After the findings were confirmed, the researchers set about determining how the fish had traveled from Africa to Mexico. Nearly all catfishes are freshwater species, so a marine route was highly improbable. The simplest solution would be for the Chiapas catfish to diverge from the African catfishes when South America and Africa separated.
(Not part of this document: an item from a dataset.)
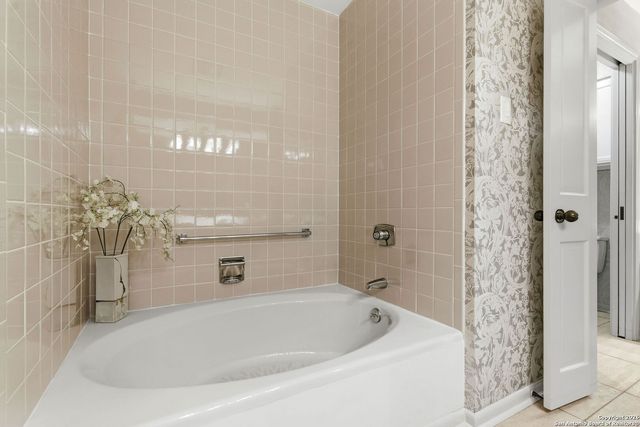 4001 N. New Braunfels APT 1206A, San Antonio, TX 78209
But the last time the two landmasses were combined was in the southern supercontinent of Gondwana, which broke apart an estimated 100 million years ago, before the split of the Chiapas catfish.
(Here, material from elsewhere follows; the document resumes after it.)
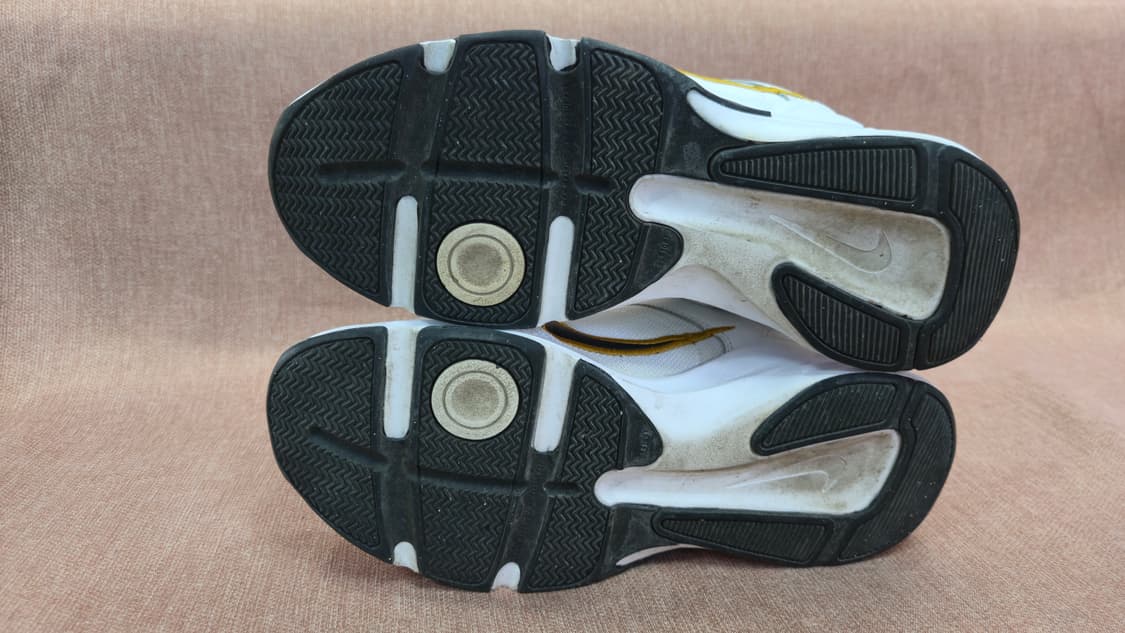 나이키 270mm- 디파이 올 데이 화이트 골드 스웨이드 상품이미지6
According to the researchers, that leaves only two scenarios where the geological record provides evidence for a plausible land-locked freshwater connection: Either the Chiapas catfish traveled through Asia, across the Bering Strait, down through North America, and into southern Mexico; or, it traversed Europe, journeyed along an ancient North Atlantic land bridge, through Eastern Canada, and further on to Mexico. "Any of these scenarios seem somewhat outlandish, and it's a matter of choosing between hypotheses," says Sullivan.

Joseph Nelson, a fish systematist at the University of Alberta in Edmonton, Canada, thinks the North Atlantic land bridge explanation is more likely. "To me, it's the simplest, the most direct, and the shortest, so I would tend to favor it - but you never know," he says. With no living relatives or fossil remains, there's no way to say one way or the other, he admits. "The most direct way of solving it will be to find fossils."

Sullivan optimistically thinks that's a real possibility. "The discovery of Lacantunia in the first place was a huge surprise, and there could be other surprises in the future."